━━━ DATA FOR THIS TASK ━━━

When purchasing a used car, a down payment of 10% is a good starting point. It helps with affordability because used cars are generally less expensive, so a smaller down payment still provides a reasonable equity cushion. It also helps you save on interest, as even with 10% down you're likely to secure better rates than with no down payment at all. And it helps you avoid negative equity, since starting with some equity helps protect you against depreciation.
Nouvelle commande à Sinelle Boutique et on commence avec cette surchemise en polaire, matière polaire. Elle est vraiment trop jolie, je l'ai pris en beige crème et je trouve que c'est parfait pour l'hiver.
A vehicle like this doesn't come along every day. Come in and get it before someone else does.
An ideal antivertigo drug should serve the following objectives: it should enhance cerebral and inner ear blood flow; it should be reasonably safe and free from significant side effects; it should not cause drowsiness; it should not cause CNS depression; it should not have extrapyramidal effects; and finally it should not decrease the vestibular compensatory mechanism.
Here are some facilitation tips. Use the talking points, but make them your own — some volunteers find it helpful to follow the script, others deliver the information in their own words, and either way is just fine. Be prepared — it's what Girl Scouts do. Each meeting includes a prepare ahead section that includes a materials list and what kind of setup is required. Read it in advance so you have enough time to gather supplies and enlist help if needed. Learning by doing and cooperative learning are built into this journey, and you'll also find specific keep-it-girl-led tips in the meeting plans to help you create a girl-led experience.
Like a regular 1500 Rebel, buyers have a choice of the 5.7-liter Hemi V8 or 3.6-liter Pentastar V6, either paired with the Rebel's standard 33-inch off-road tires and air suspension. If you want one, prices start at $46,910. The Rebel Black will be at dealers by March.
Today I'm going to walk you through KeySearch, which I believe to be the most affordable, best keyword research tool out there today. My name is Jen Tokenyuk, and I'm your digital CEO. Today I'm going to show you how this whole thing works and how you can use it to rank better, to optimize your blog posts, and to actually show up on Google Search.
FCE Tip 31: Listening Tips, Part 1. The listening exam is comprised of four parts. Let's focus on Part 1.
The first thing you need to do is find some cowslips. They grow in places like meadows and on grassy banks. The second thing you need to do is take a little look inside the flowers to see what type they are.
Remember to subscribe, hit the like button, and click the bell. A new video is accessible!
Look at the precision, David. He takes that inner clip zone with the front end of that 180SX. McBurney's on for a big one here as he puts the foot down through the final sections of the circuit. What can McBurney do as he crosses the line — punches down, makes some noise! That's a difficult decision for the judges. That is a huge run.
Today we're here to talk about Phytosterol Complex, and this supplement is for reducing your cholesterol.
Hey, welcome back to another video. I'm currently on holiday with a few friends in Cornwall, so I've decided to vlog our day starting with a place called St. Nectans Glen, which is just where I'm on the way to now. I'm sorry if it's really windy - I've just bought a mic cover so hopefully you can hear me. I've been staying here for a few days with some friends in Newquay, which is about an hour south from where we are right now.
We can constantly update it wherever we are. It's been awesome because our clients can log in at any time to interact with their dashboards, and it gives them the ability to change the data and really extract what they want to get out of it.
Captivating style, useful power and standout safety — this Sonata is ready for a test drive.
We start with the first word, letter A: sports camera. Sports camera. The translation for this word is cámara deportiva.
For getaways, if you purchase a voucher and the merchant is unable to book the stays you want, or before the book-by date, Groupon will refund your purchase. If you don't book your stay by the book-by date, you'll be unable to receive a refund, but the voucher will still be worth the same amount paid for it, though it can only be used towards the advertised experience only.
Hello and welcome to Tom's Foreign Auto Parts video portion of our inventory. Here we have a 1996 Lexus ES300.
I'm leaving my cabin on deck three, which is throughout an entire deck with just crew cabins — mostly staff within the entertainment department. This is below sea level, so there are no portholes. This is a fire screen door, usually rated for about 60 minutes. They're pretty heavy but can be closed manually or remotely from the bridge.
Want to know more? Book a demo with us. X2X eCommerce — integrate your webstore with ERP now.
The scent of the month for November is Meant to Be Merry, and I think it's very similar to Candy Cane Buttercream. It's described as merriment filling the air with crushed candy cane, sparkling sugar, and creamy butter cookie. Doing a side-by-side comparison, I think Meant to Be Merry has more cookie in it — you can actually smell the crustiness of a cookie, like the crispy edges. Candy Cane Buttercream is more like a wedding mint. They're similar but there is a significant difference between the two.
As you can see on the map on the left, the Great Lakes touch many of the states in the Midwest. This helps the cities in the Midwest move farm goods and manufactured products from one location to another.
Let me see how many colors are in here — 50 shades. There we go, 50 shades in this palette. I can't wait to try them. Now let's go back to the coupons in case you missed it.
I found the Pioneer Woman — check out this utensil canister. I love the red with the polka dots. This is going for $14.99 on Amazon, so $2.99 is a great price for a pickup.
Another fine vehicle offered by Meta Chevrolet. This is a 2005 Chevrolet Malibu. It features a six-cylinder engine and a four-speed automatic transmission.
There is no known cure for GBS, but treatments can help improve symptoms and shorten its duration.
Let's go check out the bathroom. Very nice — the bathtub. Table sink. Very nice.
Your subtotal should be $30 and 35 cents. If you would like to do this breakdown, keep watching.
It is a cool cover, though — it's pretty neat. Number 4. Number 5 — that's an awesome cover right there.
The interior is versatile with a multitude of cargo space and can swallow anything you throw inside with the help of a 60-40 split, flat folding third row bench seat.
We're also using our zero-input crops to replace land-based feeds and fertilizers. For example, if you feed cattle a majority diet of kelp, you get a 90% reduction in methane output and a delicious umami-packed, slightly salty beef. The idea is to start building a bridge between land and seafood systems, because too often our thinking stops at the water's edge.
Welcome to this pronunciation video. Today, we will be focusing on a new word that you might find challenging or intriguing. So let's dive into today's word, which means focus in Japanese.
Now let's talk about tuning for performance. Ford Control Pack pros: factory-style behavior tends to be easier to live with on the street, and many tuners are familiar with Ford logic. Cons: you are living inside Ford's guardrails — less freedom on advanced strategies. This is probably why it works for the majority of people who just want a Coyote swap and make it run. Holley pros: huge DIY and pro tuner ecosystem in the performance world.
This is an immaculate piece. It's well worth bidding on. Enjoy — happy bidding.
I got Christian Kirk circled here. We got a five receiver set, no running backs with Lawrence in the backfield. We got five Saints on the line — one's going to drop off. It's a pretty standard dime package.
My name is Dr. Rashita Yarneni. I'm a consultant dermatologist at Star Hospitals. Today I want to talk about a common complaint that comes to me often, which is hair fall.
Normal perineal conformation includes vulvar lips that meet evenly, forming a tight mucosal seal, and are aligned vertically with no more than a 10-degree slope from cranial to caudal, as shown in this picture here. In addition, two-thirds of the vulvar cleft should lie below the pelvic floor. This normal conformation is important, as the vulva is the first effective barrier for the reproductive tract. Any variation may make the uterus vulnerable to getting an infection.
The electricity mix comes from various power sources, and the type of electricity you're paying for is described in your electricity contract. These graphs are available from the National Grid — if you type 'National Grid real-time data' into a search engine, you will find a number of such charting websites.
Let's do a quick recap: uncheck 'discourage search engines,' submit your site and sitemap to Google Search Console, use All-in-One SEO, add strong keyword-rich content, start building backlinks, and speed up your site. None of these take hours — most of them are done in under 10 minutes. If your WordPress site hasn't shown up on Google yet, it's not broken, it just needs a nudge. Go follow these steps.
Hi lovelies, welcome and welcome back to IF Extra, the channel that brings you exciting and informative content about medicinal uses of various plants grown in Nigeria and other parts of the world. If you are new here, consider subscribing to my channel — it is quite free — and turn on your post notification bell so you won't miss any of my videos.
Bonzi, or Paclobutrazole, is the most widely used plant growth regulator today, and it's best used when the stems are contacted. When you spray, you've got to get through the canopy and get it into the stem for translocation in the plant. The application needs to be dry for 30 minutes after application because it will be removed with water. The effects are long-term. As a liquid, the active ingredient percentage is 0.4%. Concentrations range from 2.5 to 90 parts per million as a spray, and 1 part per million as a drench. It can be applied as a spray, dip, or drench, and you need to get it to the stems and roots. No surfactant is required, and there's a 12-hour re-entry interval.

━━━

[WHAT IS BEING ASKED] Would you copy out exactly the lines above that start at the one containing "Now let's talk" and end at the one containing "The electricity mix", inclusive?

[RESPONSE TO THE TASK]
Now let's talk about tuning for performance. Ford Control Pack pros: factory-style behavior tends to be easier to live with on the street, and many tuners are familiar with Ford logic. Cons: you are living inside Ford's guardrails — less freedom on advanced strategies. This is probably why it works for the majority of people who just want a Coyote swap and make it run. Holley pros: huge DIY and pro tuner ecosystem in the performance world.
This is an immaculate piece. It's well worth bidding on. Enjoy — happy bidding.
I got Christian Kirk circled here. We got a five receiver set, no running backs with Lawrence in the backfield. We got five Saints on the line — one's going to drop off. It's a pretty standard dime package.
My name is Dr. Rashita Yarneni. I'm a consultant dermatologist at Star Hospitals. Today I want to talk about a common complaint that comes to me often, which is hair fall.
Normal perineal conformation includes vulvar lips that meet evenly, forming a tight mucosal seal, and are aligned vertically with no more than a 10-degree slope from cranial to caudal, as shown in this picture here. In addition, two-thirds of the vulvar cleft should lie below the pelvic floor. This normal conformation is important, as the vulva is the first effective barrier for the reproductive tract. Any variation may make the uterus vulnerable to getting an infection.
The electricity mix comes from various power sources, and the type of electricity you're paying for is described in your electricity contract. These graphs are available from the National Grid — if you type 'National Grid real-time data' into a search engine, you will find a number of such charting websites.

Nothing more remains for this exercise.